**WORK TO COMPLETE**
Below are records; please set down exactly the lines from the first through the one containing "Gant Boys Cotton Black Polo T-Shirt".

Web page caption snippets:
%%
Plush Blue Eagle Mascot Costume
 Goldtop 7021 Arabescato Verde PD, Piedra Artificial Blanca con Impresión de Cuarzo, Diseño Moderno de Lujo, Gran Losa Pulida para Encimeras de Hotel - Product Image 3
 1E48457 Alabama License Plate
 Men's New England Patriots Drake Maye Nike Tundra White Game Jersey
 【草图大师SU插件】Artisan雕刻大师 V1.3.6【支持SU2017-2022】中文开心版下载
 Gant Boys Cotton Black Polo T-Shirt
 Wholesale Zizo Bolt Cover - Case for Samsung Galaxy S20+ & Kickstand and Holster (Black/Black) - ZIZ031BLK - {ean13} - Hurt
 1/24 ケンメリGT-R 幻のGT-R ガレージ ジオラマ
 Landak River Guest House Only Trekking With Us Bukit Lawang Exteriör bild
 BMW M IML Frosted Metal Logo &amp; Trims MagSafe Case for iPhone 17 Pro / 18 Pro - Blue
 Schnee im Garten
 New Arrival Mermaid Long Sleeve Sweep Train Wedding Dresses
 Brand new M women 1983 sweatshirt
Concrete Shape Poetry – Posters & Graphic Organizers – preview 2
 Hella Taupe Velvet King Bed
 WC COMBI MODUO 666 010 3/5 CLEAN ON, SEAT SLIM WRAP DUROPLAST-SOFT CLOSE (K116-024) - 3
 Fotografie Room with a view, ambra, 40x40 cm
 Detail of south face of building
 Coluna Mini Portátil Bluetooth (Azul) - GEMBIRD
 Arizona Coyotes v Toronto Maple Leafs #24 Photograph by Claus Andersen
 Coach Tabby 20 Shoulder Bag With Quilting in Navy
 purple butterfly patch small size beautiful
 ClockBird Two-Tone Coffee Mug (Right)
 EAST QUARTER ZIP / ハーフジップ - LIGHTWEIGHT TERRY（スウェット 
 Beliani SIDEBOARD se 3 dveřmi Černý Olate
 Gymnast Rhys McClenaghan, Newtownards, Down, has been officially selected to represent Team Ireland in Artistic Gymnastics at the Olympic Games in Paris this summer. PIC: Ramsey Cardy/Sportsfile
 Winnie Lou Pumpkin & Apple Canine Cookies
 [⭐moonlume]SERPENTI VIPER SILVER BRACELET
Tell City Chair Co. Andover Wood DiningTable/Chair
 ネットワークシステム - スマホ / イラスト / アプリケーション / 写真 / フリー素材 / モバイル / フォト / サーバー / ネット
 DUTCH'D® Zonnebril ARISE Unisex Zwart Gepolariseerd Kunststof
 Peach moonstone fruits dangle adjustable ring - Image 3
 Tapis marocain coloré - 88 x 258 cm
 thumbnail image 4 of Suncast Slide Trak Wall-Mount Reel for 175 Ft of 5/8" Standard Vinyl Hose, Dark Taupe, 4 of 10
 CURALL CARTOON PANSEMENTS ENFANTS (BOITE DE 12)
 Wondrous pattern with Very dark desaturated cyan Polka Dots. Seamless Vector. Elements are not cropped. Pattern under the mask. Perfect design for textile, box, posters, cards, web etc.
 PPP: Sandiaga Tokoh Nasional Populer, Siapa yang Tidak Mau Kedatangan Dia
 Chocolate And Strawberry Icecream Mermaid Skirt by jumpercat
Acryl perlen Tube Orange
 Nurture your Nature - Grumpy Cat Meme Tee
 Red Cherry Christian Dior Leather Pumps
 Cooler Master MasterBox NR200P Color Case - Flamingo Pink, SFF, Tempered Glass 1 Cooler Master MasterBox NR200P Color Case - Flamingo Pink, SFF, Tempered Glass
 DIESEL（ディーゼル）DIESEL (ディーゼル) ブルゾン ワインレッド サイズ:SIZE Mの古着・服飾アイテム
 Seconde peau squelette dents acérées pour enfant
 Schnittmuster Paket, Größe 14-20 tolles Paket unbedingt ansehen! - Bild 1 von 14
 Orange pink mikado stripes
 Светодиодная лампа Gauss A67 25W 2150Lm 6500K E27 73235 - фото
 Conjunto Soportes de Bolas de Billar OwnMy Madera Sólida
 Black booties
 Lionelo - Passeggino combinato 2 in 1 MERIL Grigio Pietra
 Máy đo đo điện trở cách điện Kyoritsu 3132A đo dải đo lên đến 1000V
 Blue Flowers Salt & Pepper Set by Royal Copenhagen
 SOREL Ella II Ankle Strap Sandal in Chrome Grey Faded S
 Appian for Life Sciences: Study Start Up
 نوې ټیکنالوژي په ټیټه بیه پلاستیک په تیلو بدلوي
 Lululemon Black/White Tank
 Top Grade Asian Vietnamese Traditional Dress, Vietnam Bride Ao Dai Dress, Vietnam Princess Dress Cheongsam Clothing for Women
%%
**ANSWER SPACE**
Plush Blue Eagle Mascot Costume
 Goldtop 7021 Arabescato Verde PD, Piedra Artificial Blanca con Impresión de Cuarzo, Diseño Moderno de Lujo, Gran Losa Pulida para Encimeras de Hotel - Product Image 3
 1E48457 Alabama License Plate
 Men's New England Patriots Drake Maye Nike Tundra White Game Jersey
 【草图大师SU插件】Artisan雕刻大师 V1.3.6【支持SU2017-2022】中文开心版下载
 Gant Boys Cotton Black Polo T-Shirt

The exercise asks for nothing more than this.